Menurut mereka ayat ini merupakan ayat Madinah yang diturunkan setelah ayat yang melarang perkawinan dengan orang-orang musyrik, sehingga mereka beriman, ayat ini sanggup disebut ayat revolusi lantaran secara eksplisit menjawab beberapa keraguan masyarakat muslim pada masa itu, lantaran pada ayat yang diturunkan sebelumnya, yaitu QS. Al-Baqarah : 221 memakai istilah musyrik yang bisa dimaknai untuk seluruh non muslim. Namun pada ayat ini mulai membuka ruang bagi perempuan ahl al-kitab (Kristen dan Yahudi) untuk melaksanakan janji nikah dengan orang-orang Muslim. Maka berdasarkan kelompok ini ayat ini berfungsi sebagai nasikh terhadap ayat sebelumnya.
Muhammad Toha sebagaimana dikutip oleh muridnya Abdullahi Ahmed An-Naim dalam buku Dekonstruksi Syari’ah menyampaikan bahwa larangan dan pengharaman perkawinan antar agama ini lantaran dependensi perempuan kepada laki-laki terutama dalam bidang ekonomi dan keamanan. Namun untuk konteks kini dimana seorang perempuan dan laki-laki mempunyai kebebasan dan kemampuan tanggung jawab yang sama didepan hukum, sehingga larangan itu tetap berlaku.[1]
           Islam menawarkan kita kewajiban untuk mempunyai satu risalah dalam hidup ini dengan cara hidup berdasarkan risalah tersebut sehingga kita semua betul-betul menjadi Muslim baik dalam segi akidah, ibadah, maupun akhlak. Dengan Pengakuan terhadap Islam berarti kita harus bekerja keras di lingkungan kita dalam semua level, dari keluarga hingga negara, dan bahkan ke segenap ummat insan lantaran Islam diturunkan kepada semua manusia.
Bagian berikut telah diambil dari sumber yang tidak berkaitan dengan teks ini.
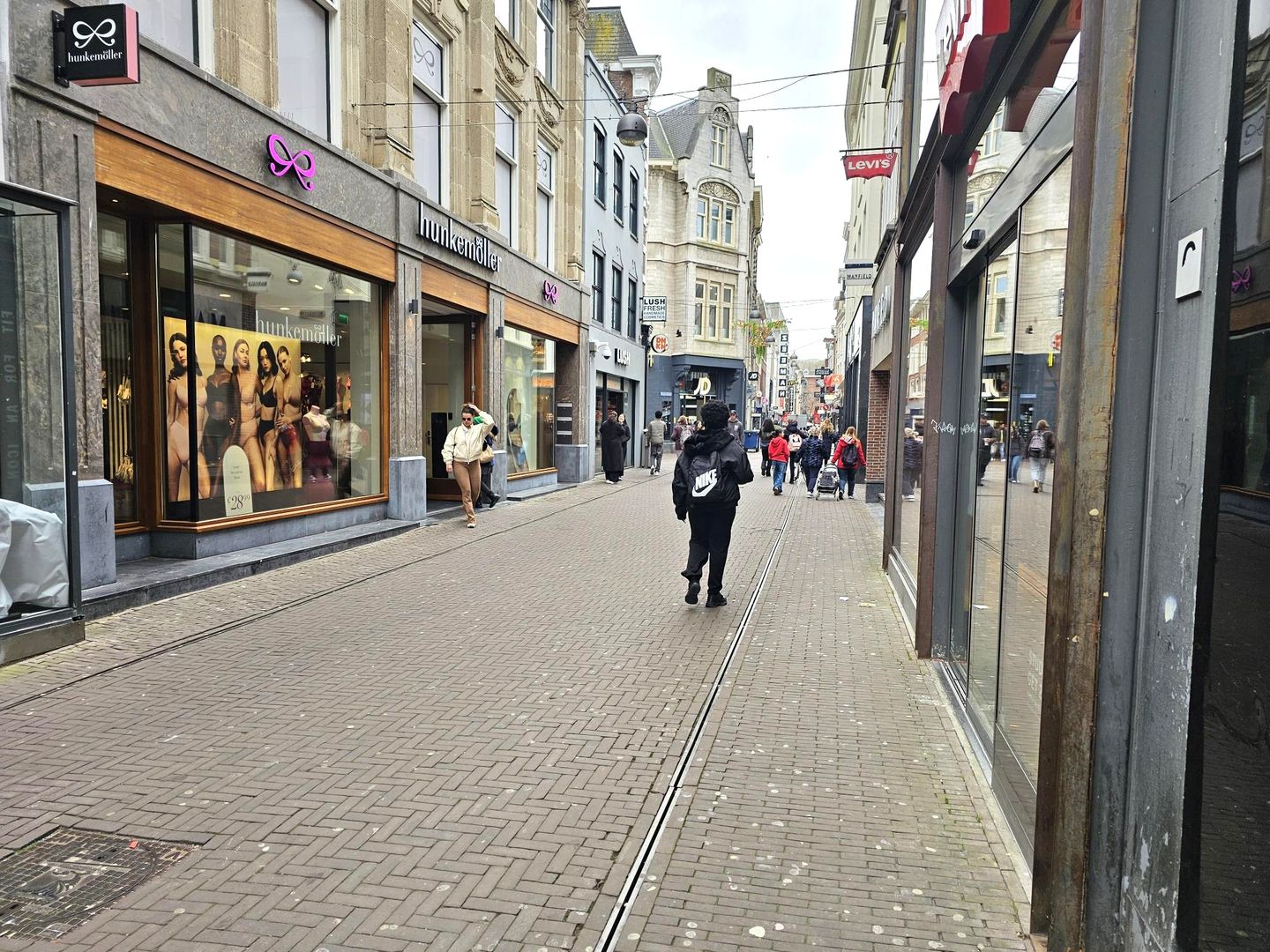 Bekijk foto 2 van Spuistraat 7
Kita tidak cukup dengan hanya menyatakan saja bahwa kita menganut Islam dan mematuhinya tanpa memperdulikan orang-orang di sekeliling kita. Kita seharusnya mempunyai rasa tanggung jawab kepada orang lain, menyeru dan menasihati mereka.
           Bertolak dari keadaan ini, kita mempunyai tanggung jawab baru, yaitu tanggung jawab untuk:
1.    Menegakkan sebuah masyarakat Islam
2.    Menyampaikan Islam kepada masyarakat.
           Langkah pertama yang sesuai dengan watak Islam ialah membentuk rumah tangga kita supaya menjadi rumah tangga yang Islami. Kita bertanggung jawab untuk menegakkan Islam di dalam kelurga, yang merupakan masyarakat kecil ini. Kita bertanggungjawab untuk memberikan aliran Islam kepada keluarga kita, pasangan hidup kita, bawah umur kita, serta kerabat dan handai taulan.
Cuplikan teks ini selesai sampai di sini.